Kagan’s quip got a laugh, but her colleagues on the bench—to their collective credit—appeared to take her point seriously. Over the course of two days of marathon arguments in Gonzalez and its companion case, Twitter v. Taamneh, the justices appeared to genuinely grapple with complex questions about the responsibility of social media platforms for their users’ posts. When the Court first announced that it would hear Gonzalez and Taamneh, scholars of internet law and technology policy were anxious that these grants of certiorari suggested a willingness on the Court’s part to potentially upend the legal structure that has undergirded the internet for more than two decades. After this week’s arguments, though, the potential for a ruling that would throw the online world into chaos seems substantially diminished. 

The underlying facts of Gonzalez and Taamneh are, for legal purposes, indistinguishable. The plaintiffs, family members of victims killed in ISIS terrorist attacks, sued social media platforms on which ISIS had established a presence—seeking to hold them liable under the Anti-Terrorism Act (ATA)’s secondary-liability provisions passed in the Justice Against Sponsors of Terrorism Act (JASTA). They argued that the platforms had algorithmically recommended ISIS content and failed to adequately enforce policies against abuse of their platforms by terrorists and thus aided in the group’s recruitment and operations generally. Notably, the plaintiffs did not allege that the platforms were used to conduct the specific attacks in which their loved ones were killed but, rather, that ISIS made use of the platforms in general and the platforms thus aided them generally in conducting attacks. 

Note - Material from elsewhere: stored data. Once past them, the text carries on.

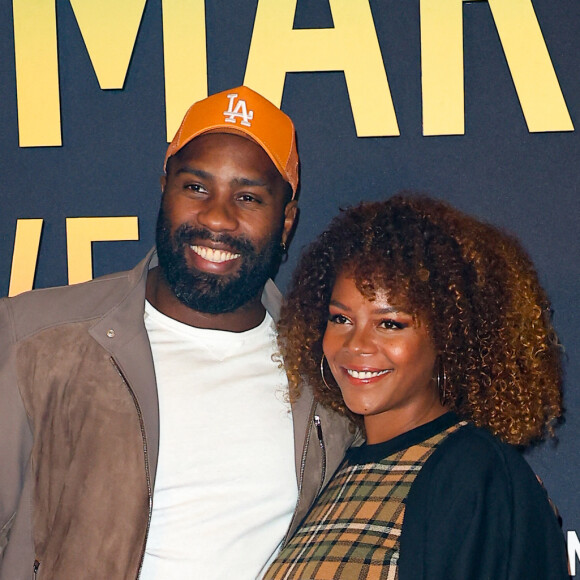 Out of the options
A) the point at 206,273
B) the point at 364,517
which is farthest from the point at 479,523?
the point at 206,273

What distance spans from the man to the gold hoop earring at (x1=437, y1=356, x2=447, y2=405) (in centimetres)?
41

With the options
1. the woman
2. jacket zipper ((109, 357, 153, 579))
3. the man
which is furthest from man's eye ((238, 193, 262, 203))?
jacket zipper ((109, 357, 153, 579))

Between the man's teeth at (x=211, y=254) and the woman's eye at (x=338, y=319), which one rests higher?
the man's teeth at (x=211, y=254)

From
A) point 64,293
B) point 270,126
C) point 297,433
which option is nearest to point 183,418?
point 297,433

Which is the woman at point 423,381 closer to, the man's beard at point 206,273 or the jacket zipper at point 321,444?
the jacket zipper at point 321,444

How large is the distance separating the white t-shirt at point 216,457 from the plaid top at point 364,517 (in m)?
0.11

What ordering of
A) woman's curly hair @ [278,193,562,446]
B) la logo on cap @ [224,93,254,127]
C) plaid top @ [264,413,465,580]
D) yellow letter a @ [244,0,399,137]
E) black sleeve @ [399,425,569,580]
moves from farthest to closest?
yellow letter a @ [244,0,399,137] < la logo on cap @ [224,93,254,127] < woman's curly hair @ [278,193,562,446] < plaid top @ [264,413,465,580] < black sleeve @ [399,425,569,580]

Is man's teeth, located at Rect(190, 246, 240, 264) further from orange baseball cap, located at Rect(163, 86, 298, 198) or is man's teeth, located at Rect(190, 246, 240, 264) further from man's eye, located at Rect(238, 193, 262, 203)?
orange baseball cap, located at Rect(163, 86, 298, 198)

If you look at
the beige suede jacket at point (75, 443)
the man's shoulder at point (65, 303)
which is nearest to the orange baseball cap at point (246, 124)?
the man's shoulder at point (65, 303)

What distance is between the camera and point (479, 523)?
166 cm

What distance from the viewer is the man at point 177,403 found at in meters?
2.02

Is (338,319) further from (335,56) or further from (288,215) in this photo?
(335,56)

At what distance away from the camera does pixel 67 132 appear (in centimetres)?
276

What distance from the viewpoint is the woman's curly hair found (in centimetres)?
193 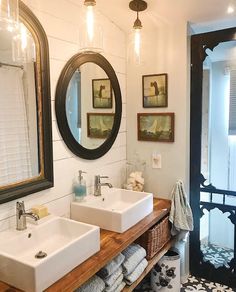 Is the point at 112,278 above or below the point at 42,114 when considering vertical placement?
below

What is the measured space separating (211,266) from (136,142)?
4.23ft

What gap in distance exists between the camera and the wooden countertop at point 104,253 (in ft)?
4.16

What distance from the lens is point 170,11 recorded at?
210 centimetres

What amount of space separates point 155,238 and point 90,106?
3.67 feet

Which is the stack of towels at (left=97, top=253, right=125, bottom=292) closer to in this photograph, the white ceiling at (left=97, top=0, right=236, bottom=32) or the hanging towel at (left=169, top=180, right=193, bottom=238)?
the hanging towel at (left=169, top=180, right=193, bottom=238)

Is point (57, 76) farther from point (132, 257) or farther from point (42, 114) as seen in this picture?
point (132, 257)

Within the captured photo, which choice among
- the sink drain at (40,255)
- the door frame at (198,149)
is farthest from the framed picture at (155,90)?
the sink drain at (40,255)

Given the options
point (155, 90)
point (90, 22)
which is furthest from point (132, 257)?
point (90, 22)

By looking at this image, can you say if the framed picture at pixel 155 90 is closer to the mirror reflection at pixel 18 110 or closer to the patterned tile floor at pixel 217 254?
the mirror reflection at pixel 18 110

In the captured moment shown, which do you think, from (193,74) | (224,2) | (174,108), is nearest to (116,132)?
(174,108)

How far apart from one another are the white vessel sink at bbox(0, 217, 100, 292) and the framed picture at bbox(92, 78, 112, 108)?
100cm

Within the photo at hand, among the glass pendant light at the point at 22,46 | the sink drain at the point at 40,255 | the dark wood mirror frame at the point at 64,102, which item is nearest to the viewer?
the sink drain at the point at 40,255

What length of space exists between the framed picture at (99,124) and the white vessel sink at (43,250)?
77cm

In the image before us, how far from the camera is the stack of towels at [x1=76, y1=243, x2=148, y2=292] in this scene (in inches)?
60.7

In both cases, the platforms argued they were immune from liability under Section 230 of the Communications Decency Act of 1996, which—broadly speaking—shields websites from liability for third-party content posted on their services. But thanks to the procedural posture of Gonzalez and Taamneh in the lower courts, each case presented a different question before the Supreme Court. In Gonzalez, petitioners challenged Google’s invocation of the Section 230 liability shield for algorithmic recommendations generated by YouTube, whereas Taamneh concerned whether petitioners’ claims met the standard for liability under the ATA and JASTA. 

Because the cases are so alike, the Court’s decision in each case will likely reverberate to the other. If Section 230 protects Google in Gonzalez, it would likely protect Twitter in Taamneh, too. And if the Taamneh petitioners have failed to state a claim under the ATA and JASTA, then so too have the petitioners in Gonzalez. This entanglement between the two cases was on display during oral arguments in Gonzalez, during which both the justices and counsel for petitioners sometimes blurred the distinction between the legal issues under Section 230 and JASTA.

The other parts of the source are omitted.